Prior to 1916 the State of Wyoming could not engage in works of internal improvement unless specially authorized by popular vote. During that year the following section was added to Article XVI of her Constitution:
"Sec. 9. State highway construction. The provision of Section 6 of Article XVI of this constitution prohibiting the state from engaging in any work of internal improvement unless authorized by a two-thirds vote of the people shall not apply to or affect the construction or improvement of public roads and highways; but the legislature shall have power to provide for the construction and improvement of public roads and highways in whole or in part by the state, either directly or by extending aid to counties."

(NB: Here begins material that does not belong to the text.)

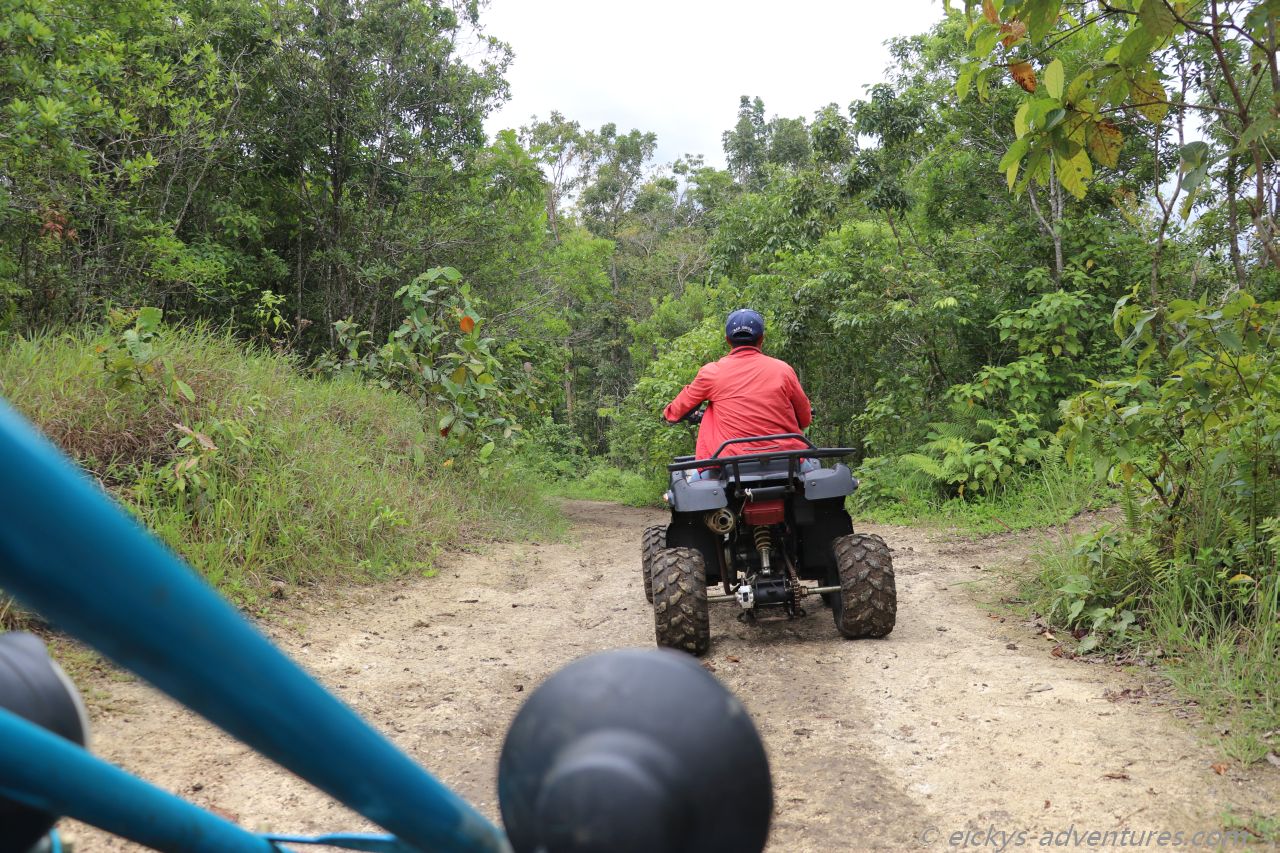 Tour mit dem Buggy bei den Chocolate Hills Tour mit dem Buggy bei den Chocolate Hills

In 1919 the Legislature passed the State Highway Act, Session Laws 1919, Ch. 132, which directed:
That there shall be a Highway Department consisting of a Commission of five members and a superintendent. The "Commission shall have the power to sue in the name of the State Highway Commission of Wyoming, and may be sued by such name in any court upon any contract executed by it." All roads, the cost of which is paid from the State Highway Fund, shall be constructed in accordance with plans and specifications prepared by the Highway Superintendent and shall be performed by or under
The original act was amended in 1927 so as to provide — "The commission shall have the power to sue in the name of `The State Highway Commission of Wyoming' and may be sued by such name in the courts of this state and in no other jurisdiction upon any contract executed by it."
By a contract dated June 1st, 1922, "between the State of Wyoming, acting through the State Highway Commission, and Utah Construction Company, a corporation, of Ogden, in the State of Utah, hereinafter called the Contractor," the parties undertook: — That the contractor, at its own cost should do all work and furnish all labor, materials, and tools, "except such as are mentioned in the specifications to be furnished by the State of Wyoming," and construct a designated highway. "The State of Wyoming shall pay and the Contractor shall receive and accept as full compensation for everything furnished and done by the Contractor under this contract and also for all loss or damage arising out of the nature of the work, the action of the elements or from any unforseen contingencies or difficulties encountered in the prosecution of the work, the prices stipulated in the proposal." "Time shall be of the essence of this contract," and for failure to complete the work as agreed "damage will be sustained by the State of Wyoming. . .; and it is therefore agreed that said Contractor shall pay to the State of Wyoming,
A supplemental agreement dated December, 1922, and signed "State Highway Commission of Wyoming, by L.E. Laird, Superintendent" and the Utah Construction Company, undertook to modify the contract of June 1st, 1922, in certain material respects.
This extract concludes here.